- The Washington Times - Monday, June 29, 2015

Director Cameron Crowe’s intense but befuddling psychological thriller starring Tom Cruise finally arrives in the Blu-ray format after numerous delays.

Originally released back in 2001 and based on the 1997 Spanish film, “Abre Los Ojos (Open Your Eyes),” Vanilla Sky (Warner Home Video, Rated R, $19.98) offers a story about the life of ego-driven David Aames, portrayed by Mr. Cruise, a son of a magazine publisher now running daddy’s business.

Through a series of tragic events tied to a jealous lover, he finds himself in prison, disfigured, wearing a mask and talking to a psychiatrist about a crime he might have committed. Is it a dream? Is it suppressed memories? Is it an alternate universe?

It will take every moment of the 136-minute theatrical effort for viewers to understand Mr. Aames’ ultimate dilemma or acquire enough clues to come up with their own interpretation.

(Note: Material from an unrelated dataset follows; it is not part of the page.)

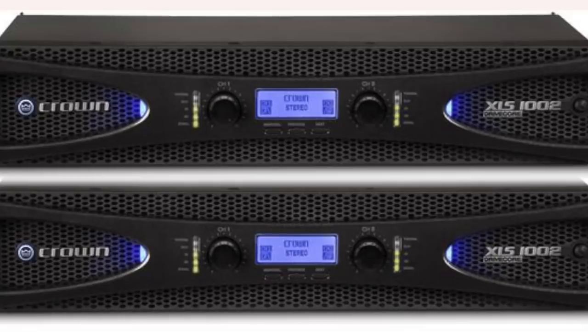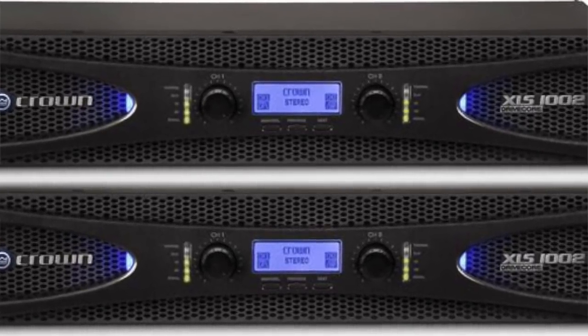I got mine — I actually bought a pair of them so I could run them as monoblocks — for $289 each. What they provide at that price point I think is rather incredible. So if you're interested in trying out the separates game, I think these amps are a good place to start. They might also be a good place to end, depending on your system.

Throughout, Mr. Cruise’s intense chemistry with his onscreen love interests Cameron Diaz and Penelope Cruz really helps propel the film’s love and lost love themes.

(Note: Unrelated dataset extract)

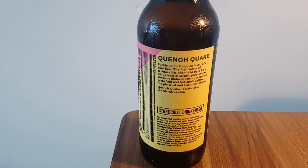There's a wall of text — I'll read it out. It says: 'Buckle up for this juice bomb of a sour beer. The first tremor of tartness hits, then hold tight for a citrus blast of seismic proportions. Tectonic plates of lemon, tangerine, grapefruit and tart apple agitate the pie crust and biscuit backbone. Then it ends on the tongue twister of Quench Quake — sessionable seismic citrus sour.' So this is where they get their reputation from for being a bit pretentious.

The digital transfer fills home theater screens with its 1.78:1 aspect ratio but it does not do a great job of highlighting Academy Award-winning cinematographer John Toll’s work (reference the 4K scan of “Apollo 13” or “Goodfellas” to see some amazing efforts). 

On a ultra-high definition television with upscaling, it just looks like a movie with plenty of film grain. I’m still OK with that result.

The DTS-HD 5.1 audio mix is appreciated for highlighting a great soundtrack loaded with songs from bands such as U2, R.E.M., Bob Dylan, Peter Gabriel and the Academy Award-nominated piece from Paul McCartney.

Extras are bountiful but mainly culled from the DVD release back in 2002.

They begin with a new chance to watch the entire movie with an alternate ending that starts with about 30 minutes left in the action, adding 5 minutes to the run time.

It further fleshes out the surprising finale (beating the audience over the head) with a few critical dialogue scenes and more evidence of the complex choices of the director’s jigsaw puzzle of a story.

Additionally, new on the disk, fans can also dig into 13 deleted or alternate takes of scenes with commentary from Mr. Crowe.

Better yet, an optional commentary track covering the entire theatrical version and alternate end version of the film stars the director and his former spouse, the film’s musical composer, Heart’s own Nancy Wilson.

It’s required listening for those enamored with film’s dense ending. Mr. Crowe’s free-flowing and often giddy dialogue overloads viewers with information especially on the complex ending. His talk is enjoyable from the beginning to even the ending credits.

Miss Wilson does not offer much but she actually spends more time playing guitar, which is pretty cool.

Also, I enjoyed a 157-image, photo gallery slideshow chronicling the film with an audio introduction from the photographer Neal Preston.